• [YOUR ASSIGNMENT]
Output every entry below word for word, without its pictures.

• [RECORDS SUPPLIED]

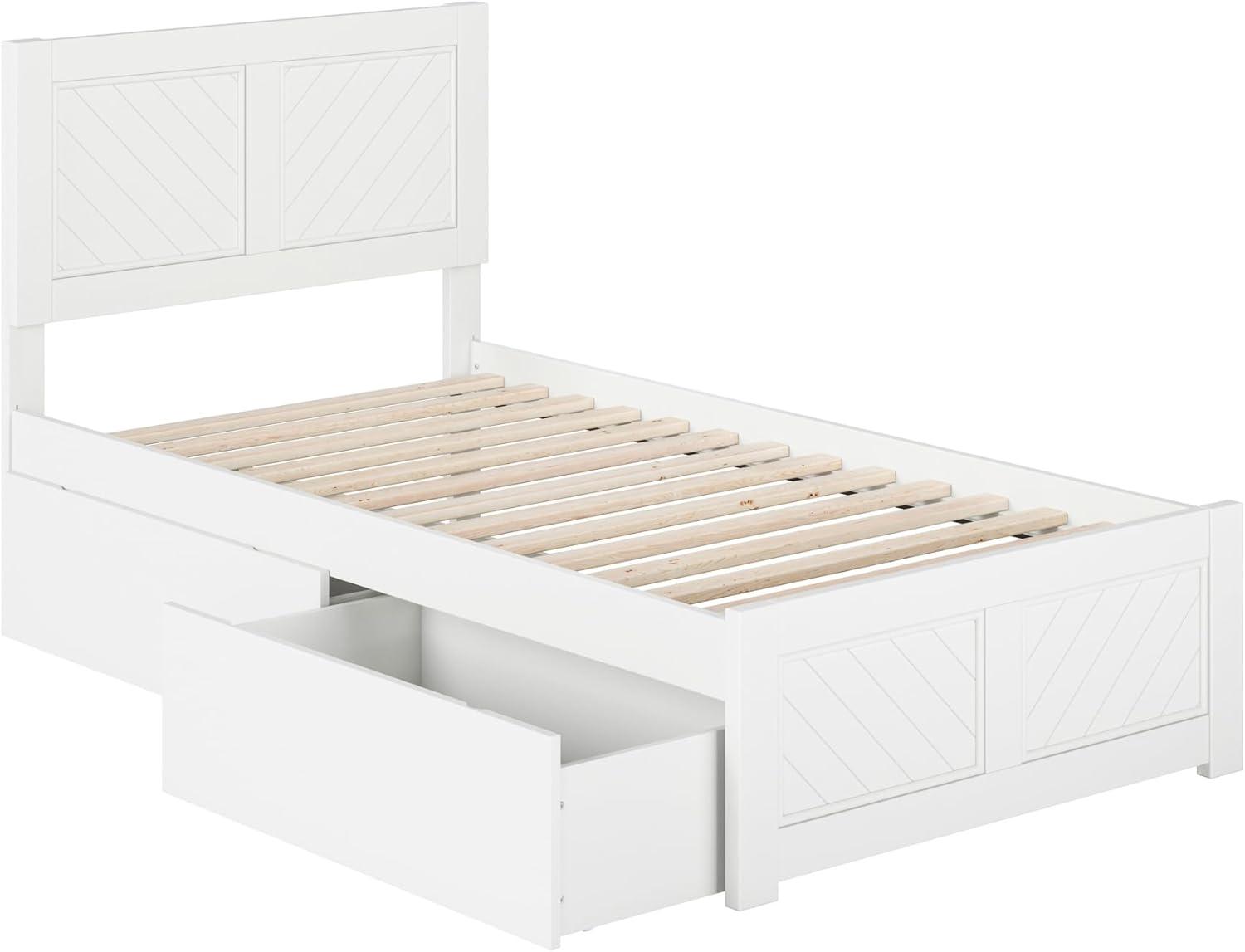 AFI Canyon White Solid Wood Platform Bed with Matching Footboard & Storage Drawers, King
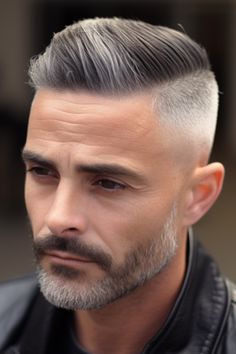 If you’re seeking a cool hairstyle, the angular flat top cut is sure to turn heads. It’s perfect for those with thick hair, as it creates an eye-catching geometric shape. Click here to check out more best hairstyles for men with thick hair & high volume hair. Chad Hairstyles, High Forehead Hairstyles, A Fade Haircut, Men With Thick Hair, High Volume Hair, Crew Cut Haircut, Fade Haircut Designs, Top Haircuts For Men, Older Men Haircuts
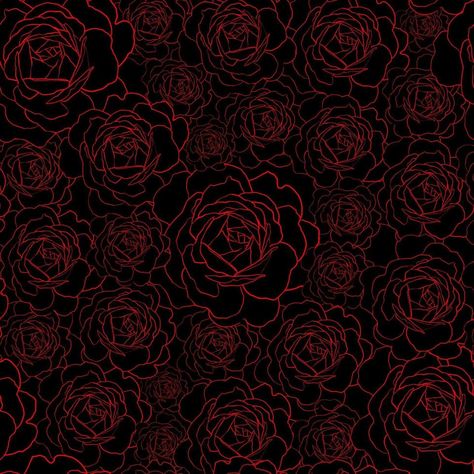 Seamless pattern with red rose flowers outline on the black background. Floral hand drawn ornament in sketch style. Flowers Outline, Red Roses Background, Black And Red Roses, Red And Black Background, Tropical Flowers Pattern, Creative Backdrops, Flower Pattern Drawing, Red Roses Wallpaper, Wallpaper Seamless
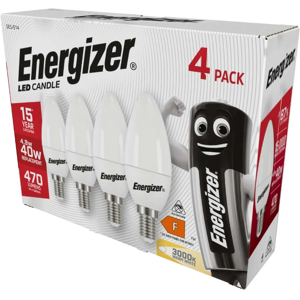 Energizer, 4 x LED Candle Bulbs, E14, 4.9w - Warm White 3000K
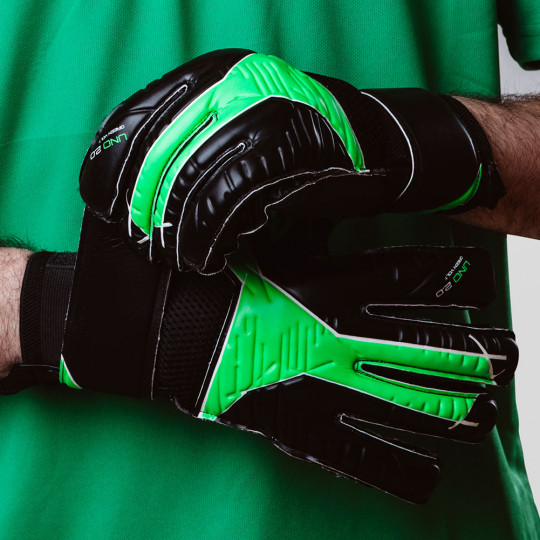 AB1 UNO 2.0 GREEN VOLT Finger Protection Goalkeeper Gloves BLACK/GREEN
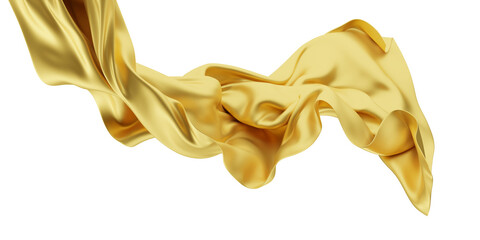 a dynamic 3d render showcasing golden silk fabric, beautifully drifting with the breeze.. waving sat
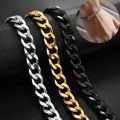 Black/Silver/Golden Cuban Link Chain Wrist / Hand Bracelet for Men / Boys - Mens Jewellery. 
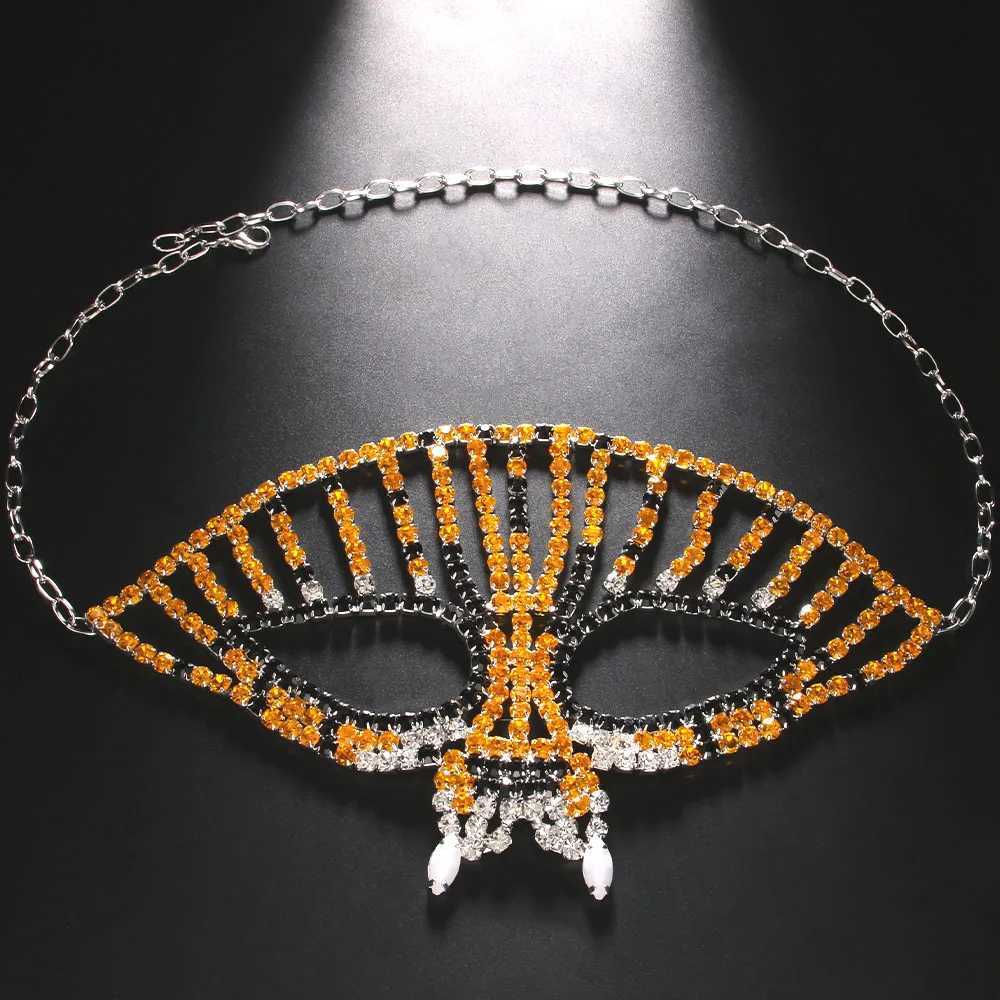 Stonefans Rhinestone Mask Masquerade for Men Sexys Cosplay Halloween Accessories Decoration Luxury Crystal Face Chain JewelryW251029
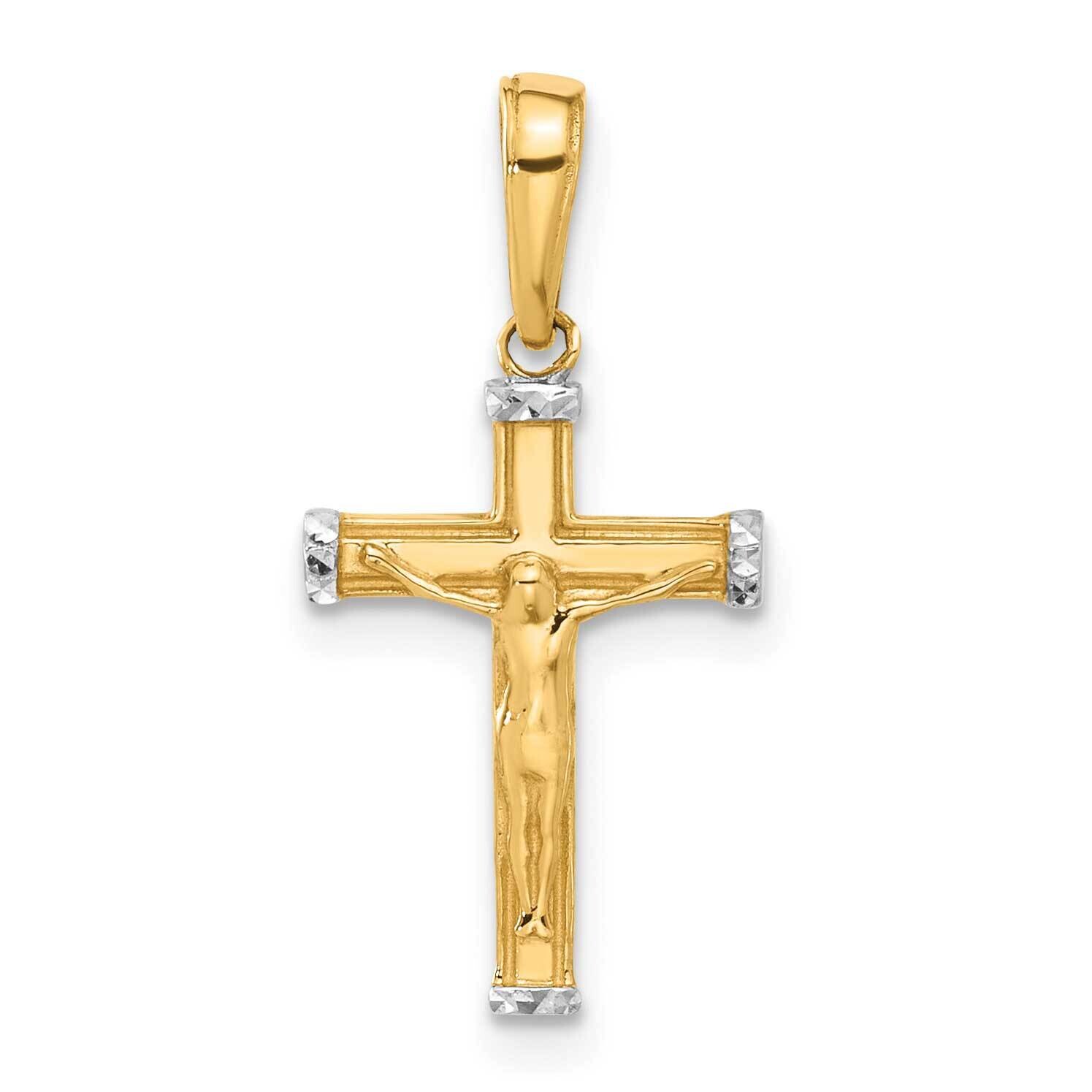 Diamond-Cut Crucifix Cross Pendant 14k Gold White Rhodium  C4956 by Men&#39;s Jewelry and Accessories, …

• [ANSWER]
 AFI Canyon White Solid Wood Platform Bed with Matching Footboard & Storage Drawers, King
 If you’re seeking a cool hairstyle, the angular flat top cut is sure to turn heads. It’s perfect for those with thick hair, as it creates an eye-catching geometric shape. Click here to check out more best hairstyles for men with thick hair & high volume hair. Chad Hairstyles, High Forehead Hairstyles, A Fade Haircut, Men With Thick Hair, High Volume Hair, Crew Cut Haircut, Fade Haircut Designs, Top Haircuts For Men, Older Men Haircuts
 Seamless pattern with red rose flowers outline on the black background. Floral hand drawn ornament in sketch style. Flowers Outline, Red Roses Background, Black And Red Roses, Red And Black Background, Tropical Flowers Pattern, Creative Backdrops, Flower Pattern Drawing, Red Roses Wallpaper, Wallpaper Seamless
 Energizer, 4 x LED Candle Bulbs, E14, 4.9w - Warm White 3000K
 AB1 UNO 2.0 GREEN VOLT Finger Protection Goalkeeper Gloves BLACK/GREEN
 a dynamic 3d render showcasing golden silk fabric, beautifully drifting with the breeze.. waving sat
 Black/Silver/Golden Cuban Link Chain Wrist / Hand Bracelet for Men / Boys - Mens Jewellery. 
 Stonefans Rhinestone Mask Masquerade for Men Sexys Cosplay Halloween Accessories Decoration Luxury Crystal Face Chain JewelryW251029
 Diamond-Cut Crucifix Cross Pendant 14k Gold White Rhodium  C4956 by Men&#39;s Jewelry and Accessories, …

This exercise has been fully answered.